GIVEN RECORDS Start Marker
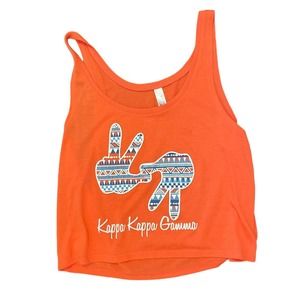 KKG Kappa kappa gamma sorority Tank Top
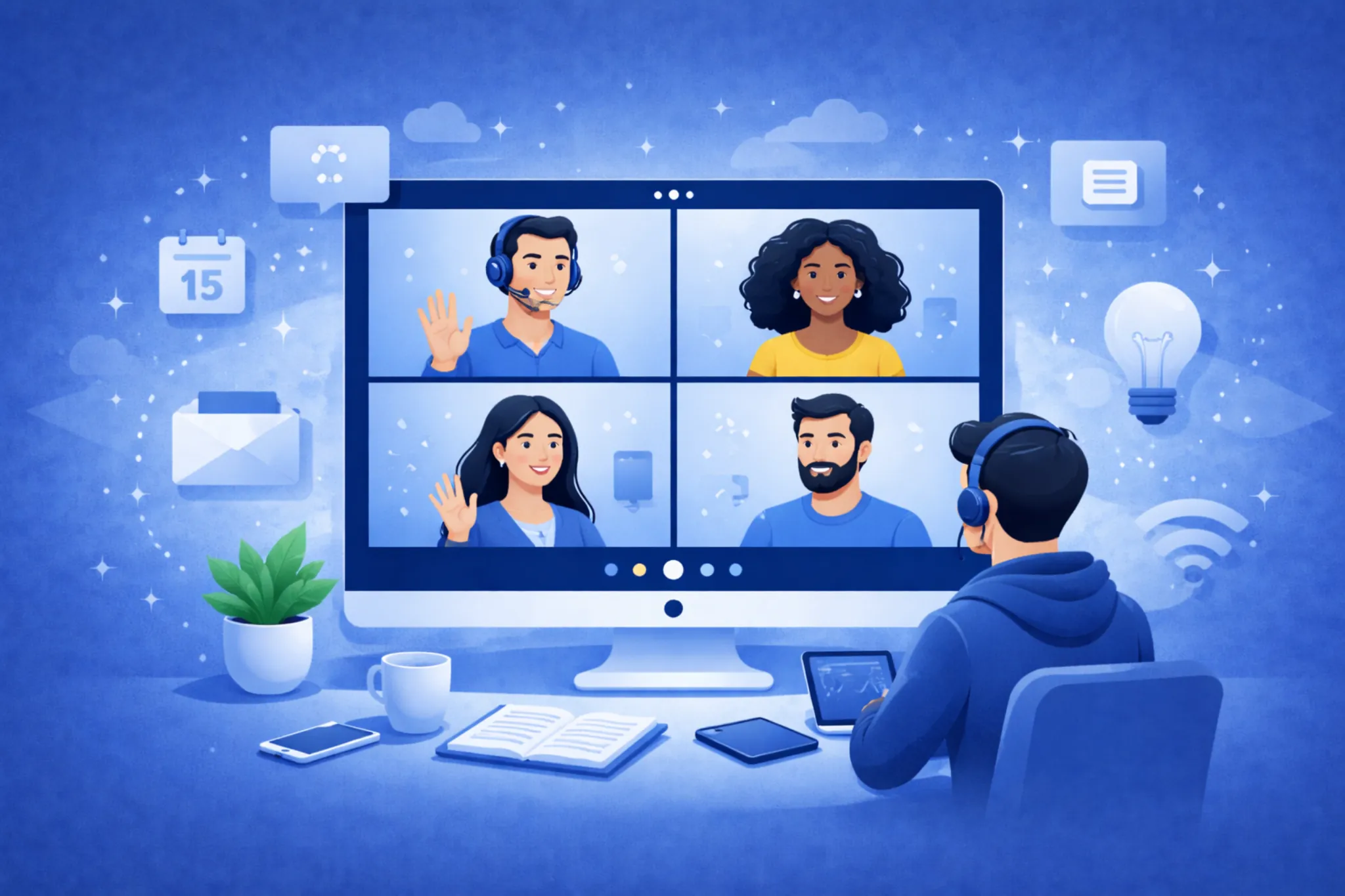 Visioconférence & Téléphonie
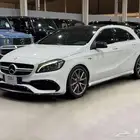 مرسيدس A45 موديل 2016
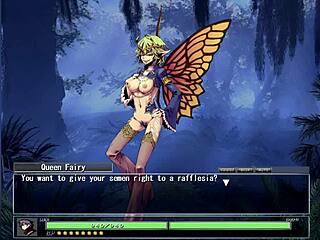 Queen fairy monster girl quest part 2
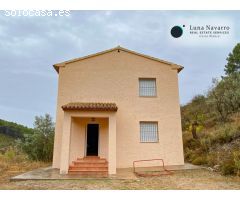 Chalet de 5 dormitorios en plena naturaleza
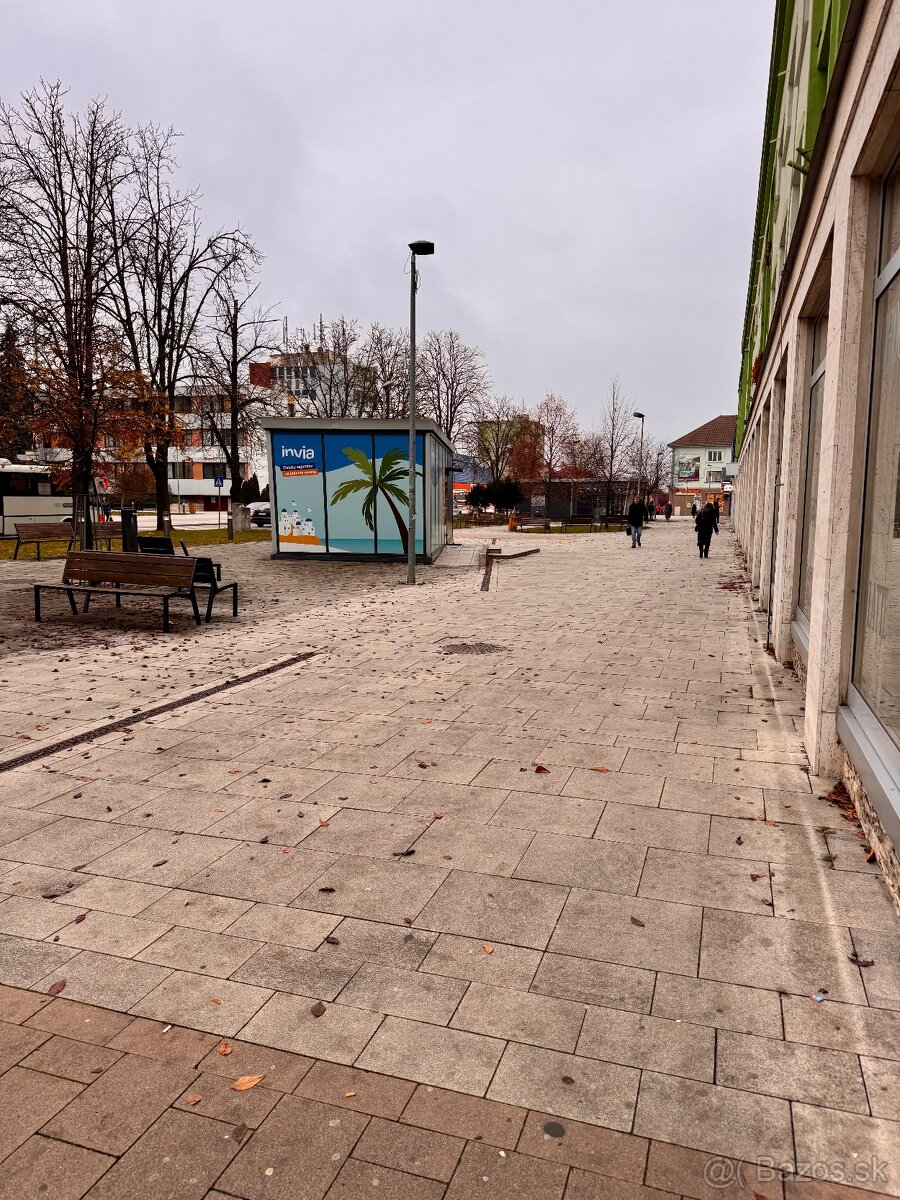 Centrum 3. Izbový byt VT s balkónom 79m2 Námestie Slobody - 14
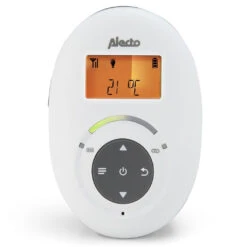 Alecto DBX-125 Digitale Full Eco DECT Babyfoon -Babyproducten Winkel alecto dbx 125 digitale full eco dect babyfoon 6 2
GIVEN RECORDS End Marker
- _EXERCISE GOAL_: Leave out the pictures and return, exactly as written, only the lines from the line with "Centrum 3. Izbový" through the end of the records above.

- _RESPONSE_:
 Centrum 3. Izbový byt VT s balkónom 79m2 Námestie Slobody - 14
 Alecto DBX-125 Digitale Full Eco DECT Babyfoon -Babyproducten Winkel alecto dbx 125 digitale full eco dect babyfoon 6 2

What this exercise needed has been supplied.